Claim D2 (coverage). "Every shard will receive at least one customer, so we never provision a machine that sits idle."

ShopRing has 8 shards ($S = 8$) and, at launch, 5,000,000 active customer IDs. The IDs are arbitrary 64-bit integers (assigned over years by an upstream service); you do not control them.

def shard_of(cid, S):
    """Route a customer id to one of S shards by simple modular hashing."""
    return cid % S

# Three sample customers, 8 shards:
for cid in (1001, 2009, 4_000_017):
    print(cid, "->", shard_of(cid, 8))
# Expected output:
# 1001 -> 1
# 2009 -> 1
# 4000017 -> 1

Already a hint: three unrelated IDs all landed on shard 1. Let us make the informal worry precise.

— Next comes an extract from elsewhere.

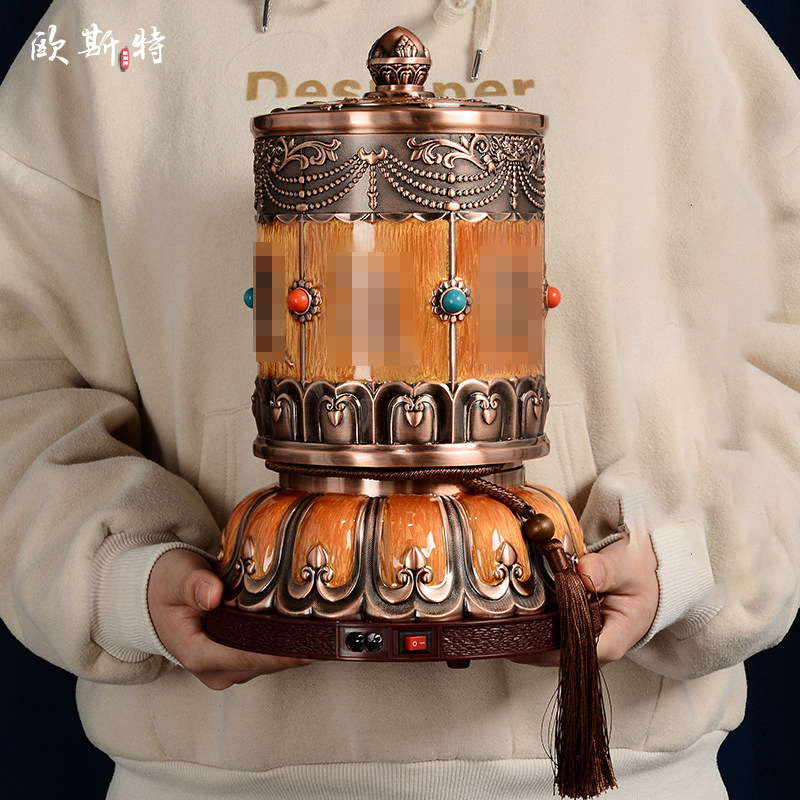 欧斯特电动转轮室内家用彩绘转筒桌面转动金桶摆件,淘宝优惠券,粉丝福利购,淘宝优惠卷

💡 Intuition: A hash function is a function from a large set (customer IDs) to a small set (shards). The design doc is, without realizing it, claiming this function is both injective ("no collisions") and surjective ("every shard used"). The whole audit is just checking whether a function from a 5-million-element set to an 8-element set can have those properties. Pigeonhole answers the first; surjection counting answers the second.

Why this matters

Sharding bugs are expensive: a "unique per shard" assumption baked into application code (say, using the shard as a lock or as a primary-key namespace) corrupts data the moment two customers collide. And an idle, fully provisioned shard is wasted money. Both failure modes are counting questions, and counting is far cheaper than discovering them in production. This is theme two of the book in its purest form — a proof settles all cases at once, where a load test only ever samples a few.

Phase 1: Claim D1 is impossible (basic pigeonhole)

Set up the pigeons and the holes explicitly — this is the entire skill.

• Pigeons: the 5,000,000 active customer IDs being routed.
• Holes: the 8 shards.

We are placing $n = 5{,}000{,}000$ pigeons into $m = 8$ holes, and $n > m$ in spectacular fashion. By the pigeonhole principle (§17.1), at least one shard receives at least two customers. Two customers on one shard is exactly a collision. Therefore Claim D1 — "no two active customers will collide" — is false for any hash function whatsoever, not merely for cid % 8. The cleverness of the hash is irrelevant; the conclusion is forced by $5{,}000{,}000 > 8$.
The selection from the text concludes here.